The STATE of Ohio, Appellee, v. GRICE, Appellant.

No. C-080420.

Decided: January 30, 2009

Joseph T. Deters, Hamilton County Prosecuting Attorney, and Tanner B. McFall, Assistant Prosecuting Attorney, for appellee. Soumayajit Dutta, for appellant.

 {¶ 1} Defendant-appellant, Leon Grice, appeals his conviction, after a bench trial, for obstructing official business in violation of R.C. 2921.31(A).

 {¶ 2} In the evening of December 23, 2007, several police officers from the Colerain Township Police Department responded to a report of “shots fired.”   Their investigation led them to an apartment building on Jonrose Avenue, where a group of men had congregated on the front lawn.   Some officers questioned the group, while others canvassed the area for evidence of a shooting.   The officers found evidence that a gun had been fired in the vicinity but found no shooting victim or witnesses to a shooting.

{¶ 3} One of the officers, Richard Bernecker, attempted to obtain personal identification from those on the scene.   Bernecker wanted the information to complete a field identification report that the police could use if a shooting victim surfaced in the future.   Grice failed to give Bernecker his identification information, and as a result, Bernecker arrested him for obstructing official business.   After arresting Grice, Bernecker took him to the Hamilton County Justice Center, where Bernecker fingerprinted and ultimately identified him.   According to Bernecker, the identification process took over two hours to complete.

{¶ 4} After the trial court overruled his motion for acquittal, Grice testified in his own defense.   He conceded that he had not identified himself and added that he had not heard any shots fired and that he had told the officers this.

{¶ 5} But Bernecker unequivocally testified that it was only Grice's failure to identify himself that had interrupted the investigation and had led to his arrest.   Importantly, he testified that Grice was uncommunicative and made no statement.   Therefore, we can only assume that Bernecker was unaware of any comment by Grice about the “shots fired” report.   Bernecker's testimony was consistent with the testimony of the other investigating officers.

{¶ 6} The trial court convicted Grice after determining that Grice must have lied to the police about not hearing shots fired, and that this, along with his failure to identify himself, constituted an act proscribed by the obstructing official business statute.

 {¶ 7} In his sole assignment of law, Grice now challenges the sufficiency of the evidence to support his conviction.   Sufficiency is a test of adequacy.1  The relevant inquiry is whether, after viewing the evidence in a light most favorable to the state, any rational trier of fact could have found the essential elements of the offense beyond a reasonable doubt.2

{¶ 8} Grice was convicted under R.C. 2921.31(A), which provides that “[n]o person, without privilege to do so and with purpose to prevent, obstruct, or delay  the performance by a public official of any authorized act within the public official's official capacity, shall do any act that hampers or impedes a public official in the performance of the public official's lawful duties.”  (Emphasis added.)

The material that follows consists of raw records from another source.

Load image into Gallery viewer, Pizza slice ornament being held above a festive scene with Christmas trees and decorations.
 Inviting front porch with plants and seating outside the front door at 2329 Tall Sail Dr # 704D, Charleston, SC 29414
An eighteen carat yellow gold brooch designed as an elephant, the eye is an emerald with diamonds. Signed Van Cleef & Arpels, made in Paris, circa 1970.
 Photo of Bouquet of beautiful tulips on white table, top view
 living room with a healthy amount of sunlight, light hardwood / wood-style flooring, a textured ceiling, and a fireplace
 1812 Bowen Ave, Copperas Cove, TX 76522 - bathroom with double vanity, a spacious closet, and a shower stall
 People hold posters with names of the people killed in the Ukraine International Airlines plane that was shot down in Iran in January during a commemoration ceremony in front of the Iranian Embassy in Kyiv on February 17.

 {¶ 9} Grice correctly argues, as indicated by the emphasized language, that a violation of this statute requires an affirmative act.  “A person cannot be guilty of obstructing official business by doing nothing or failing to act.” 3  The mere refusal to produce identification upon the request of a police officer cannot support a conviction for obstructing official business.4  In addition, the defendant's act must actually hamper or impede the public official in the performance of the official's duties.5

 {¶ 10} Grice argues that the record is devoid of an affirmative act that impeded or hindered an investigation.   The officers testified that Grice's failure to identify himself had impeded the investigation.   But as we have already stated, the failure to identify cannot support a conviction for obstructing official business, because it is not an affirmative act.   Despite the state's theory, the trial court found, relying on Grice's testimony, that Grice's statement to the police about not hearing any gunshots was incredible and that this affirmative act established a violation of the statute.

 {¶ 11} In our sufficiency review, we review the evidence in the light most favorable to the state.   Thus, we accept the trial court's finding that Grice had lied to the police about hearing shots fired.   We hold, however, that the evidence did not support a conviction on this basis, because the evidence did not establish a nexus between this act and the obstructing.

 {¶ 12} This court has held that there is no element in R.C. 2921.31(A) requiring the state to prove that the offender's conduct “prevented” a public  official from doing his job.6  Rather, to “hamper” or “impede,” the conduct at issue must create some “substantial stoppage” of the officer's progress.7  This stoppage is not defined by a particular period of time, but it must occur because of the defendant's act.8

 {¶ 13} A defendant's unsworn and false oral statement may often hamper or impede an investigation or other official duty.9  But not always.10

{¶ 14} In this case, there was no evidence that the officers' progress was hampered or impeded by Grice's statement.   The officers duly investigated the “shots fired” report, unaware of Grice's statement.   They found a gun, spent casings, and a damaged window, and they determined not only that shots had been fired but also from where they had been fired.   One could have reasonably concluded only that Grice's statement had not hampered or impeded this part of the investigation in any measurable way.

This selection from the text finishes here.